Featuring shiny black bodies, this spider has a red hourglass shape on its back. This spider is so dangerous, it even tells you that you’re time is running out if you’re bit by one.
Knowing how to identify a black widow spider is life skill everyone should have. Let’s take a closer look at what this spider looks like, how it behaves and other interesting facts about the black widow.
Table of Contents
- Identifying the Black Widow Spider
- Black Widow Locations
- Are Black Widow Spider Bites Fatal?
- Black Widow Bite Symptoms & Treatment
- How to Keep Black Widow Spiders Out of the House
- Other Amazing Black Widow Facts
Identifying the Black Widow Spider
Commonly referred to as widow spiders, these spiders are a part of the Latrodectus genus, which contains 31 species distributed throughout the world. These species include North American black widows, the Australian redback spider and button spiders of Africa.

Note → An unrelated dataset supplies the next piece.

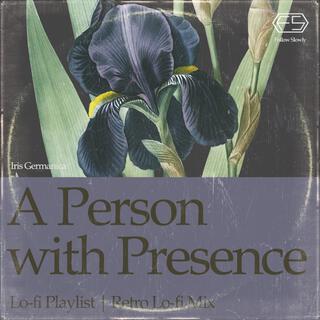 A Person with Presence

There are many different types of widows, including:
- Black widows
- Red widows
- Brown widows
1. Appearance and Size
Widow spiders can vary greatly in size, depending on the species. But females are typically dark in color with reddish-colored hourglass-shaped markings on the bottom of their globular abdomens.
Some females have a pair of spots or no markings at all. The female black widow can sometimes be paler brown and have no bright markings whatsoever.

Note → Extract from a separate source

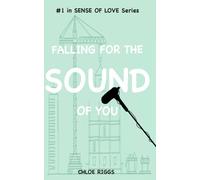 Falling for the Sound of You: 1 (Sense of Love)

Male widows usually have different shaped red or white and red markings on the top of their abdomens.
Black widows can vary in size between 3 and 10 mm, but some females can have bodies as long as 13 mm.

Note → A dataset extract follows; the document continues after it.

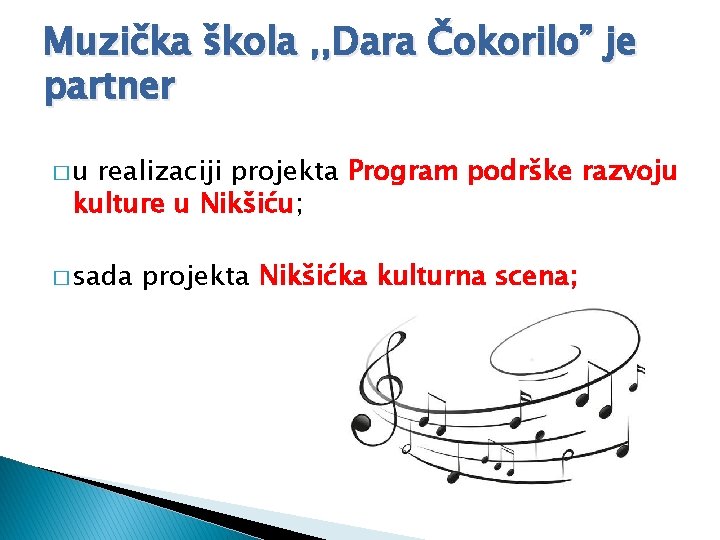 Muzička škola , , Dara Čokorilo” je partner �u realizaciji projekta Program podrške razvoju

2. Habitats and Distribution
Black widows are found in warmer climates. They’re found in all four of America’s deserts, with several species found in North America.
They can also be found in southern Asia and Europe, South America, Australia and Africa.
These spiders prefer to live in dark, secluded areas away from humans, like under wood piles, underneath stones and inside crevices. Indoors, black widows will hide in dark places, like basements, garages, cluttered areas of the home and closets.
3. Diet and Feeding Habits
The black widow, like many other species of spiders, eats insects and other arachnids that get caught in its web. The female widow hangs upside down waiting for prey, which shows off her bright red hourglass-shaped marking.
Her red marking is a warning to predators that she is a toxic creature.
Interestingly, her markings do little to deter prey. Experts believe this is because of the differences in how insects and birds perceive color.
Along with other spiders, the black widow also eats mosquitoes, flies, beetles, grasshoppers and caterpillars.
Once the prey gets caught in the widow’s web, she wraps her meal in silk using her “comb feet.” Widow spiders, which are comb-footed spiders, then bite their prey and inject venom that liquefies the victim’s insides. Once the prey’s body becomes a pool of slimy goodness, the spider sucks up the fluid.
Black widow spiders, like many other types of spiders, have poor eyesight. When they perceive a threat, they lower themselves down to the ground using a line of safety silk. They rely on vibrations to know when prey is trapped or when a larger threat is nearby.
Although the black widow’s bite can be dangerous, it’s not an aggressive creature. They usually play dead or flick silk at predators before resorting to biting. Bites to humans are usually defensive in nature because the human accidently pinched or squeezed the spider.
Mating can be a deadly affair for male black widows. Females sometimes devour their mates after mating, which provides them with nutrients needed to fertilize her eggs.
Not all widow spiders eat their mates, and the frequency of sexual cannibalism really depends on the species. Most of the time, this behavior is observed in laboratory settings where the males cannot escape.
Widows mate in the spring and early summer.
When females are ready to mate, they coat their webs in pheromones (or sensing chemicals) that attract males. Think of these chemicals as a personal ad on a dating website. Her pheromones actually provide males with a lot of information, like her age, her virginity status and how hungry she is.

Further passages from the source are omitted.